All of this makes me think that the star in the heavens that they followed, according to the story, was an outward manifestation of an inner revelation: a dream, a voice, etc… We don’t hear of them seeing receiving information in a dream until after visiting the new born King (Mt 2:12), but that suggests the possibility of inner vision being granted to them prior to setting off on their journey also, and with that illumination the request to look out for a particular celestial event to guide them. Maybe this then led them to research in Jewish literature information about how such a “star” in the sky might relate to their inner illumination.
Whatever it was that led these wise men to set off on this unexpected trek, we can say that:
- they were obviously courageous, as well as being learned and were also men of faith with an openness to the divine, to the transcendent. Their trust in whatever message was communicated to them led them to set foot on a perilous journey without knowing where it would lead them.
- they needed others (Herod’s scribes) to help them get a fuller picture of what or who they were being called to follow and these wise, learned men had the humility to ask for such assistance.
And so, what can we learn from looking at these two sets of characters as regards our own discernment journeys?
1) God calls according to the potential he sees in each of us, who we can become, rather than who we are at present.
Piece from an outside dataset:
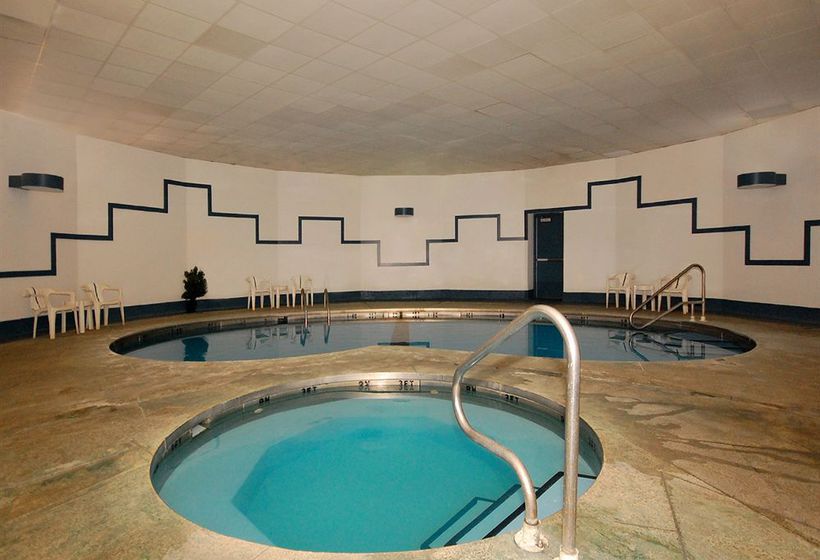 Отель Rodeway Inn & Conference Center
2) He values an open, generous heart, a willingness to trust and to set off without knowing where he is going to lead us. Therefore, don’t expect to have a full picture of what responding to a call might look like at any given time.
3) Following his call requires an act of will to align ours with God’s, to put one foot in front of the other, even though, like St. Peter at the end of John’s Gospel, we may end up being led where we would otherwise not have wanted to go.
4) The picture will always be incomplete, but that’s ok. It means that the journey isn’t finished and that there will always be potential for growth, even for those for whom years, or even decades, may have passed since their first response to a call.
5) As the picture is always incomplete, be open to the wisdom of others who may be able to provide the next piece of your jigsaw. A call is never given to a person in isolation.
6) A sign that a call is genuine is the level of inner joy and fulfilment responding to it gives you (though that feeling may wax and wane over time). It’s said of the shepherds that they
“went back glorifying and praising God.” (Lk 2:20)
As regards the wise men,
“they returned to their country by a different way.” (Mt 2:12)
symbolising that they too had been changed by their experience.
Finally, I’ll point out a link for you to think about between the two sets of characters that we’ve looked at tonight. It’s contained in the prophecy from Micah quoted in Mt 2:6 (the wise men story):
“from you will come a leader who will shepherd my people Israel.”